Header Length: The header length is a 8-bit count of the number of
32-bit Words in the header. This allows the header to
be up to 1020 bytes in length.
Flags: This byte is a small set of flags determining the datagram
header format and the processing semantics. The last three bits
are reserved, and must be set to zero. (Note that the
corresponding bits in CLNP version 1 are 001, since this byte
is the version field. This may be useful.)
Destination Address Omitted: When the destination address omitted
(DAO) flag is zero, the destination address is present as shown
in the datagram format diagram. When a datagram is sent with
an FCI that identifies the destination and the DAO flag is
set, the address does not appear in the datagram.

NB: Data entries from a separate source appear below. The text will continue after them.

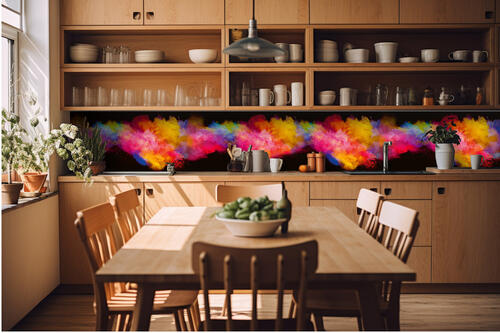 Fototapeta do kuchyně - Exploze barevného prášku 420 x 60 cm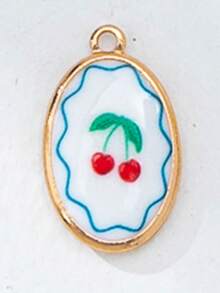 Pingente folheado a ouro com tema de frutas marinhas, ideal para confecção de bijuterias, decoração de colares e pulseiras, acessórios de verão. Inclui conchas, cerejas, peixes, caranguejos, limões e laços. - Multicolorido - Ver 9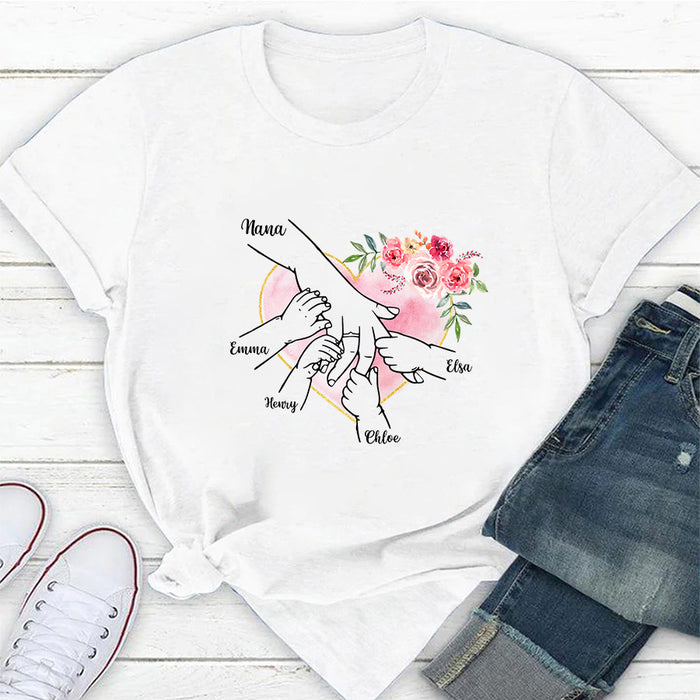 Personalized T-Shirt For Grandma From Grandkids Little Hands Holding Nana Hand Heart Custom Name Gifts For Mothers Day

Source Address Omitted: The source address omitted (SAO) flag is zero
when the source address is present in the datagram. When
datagram is sent with an FCI that identifies the source and the
SAO flag is set, the source address is omitted from the
datagram.
Report Fragmentation Done: When this bit (RFD) is set, an intermediate
router that fragments the datagram (because it is larger than
the next subnetwork MTU) should report the event with an ICMP
Datagram Too Big message. (Unlike IP version 4, which uses DF
for MTU discovery, the RFD flag allows the fragmented datagram
to be delivered.)
Mandatory Router Option: The mandatory router option (MRO) flag
indicates that routers forwarding the datagram must look at the
network header options. If not set, an intermediate router
should not look at the header options. (But it may anyway;
this is a necessary consequence of transparent network layer
translation, which may occur anywhere.)
The destination host, or an intermediate router doing
translation, must look at the header options regardless of
the setting of the MRO flag.
A router doing fragmentation will normally only use the F
flag in options to determine whether options should be copied
within the fragmentation code path. (It might also recognize
and elide null options.) If the MRO flag is not set, the router
may not act on an option even though it copies it properly
during fragmentation.
If there are no options present, MRO should always be zero, so
that routers can follow the no-option profile path in their
implementation. (Remember that the presence of options cannot
be divided from the header length, since the addresses are
variable length.)
Error Report Suppression: The ERS flag is set to suppress the sending
of error reports by any system (whether host or router)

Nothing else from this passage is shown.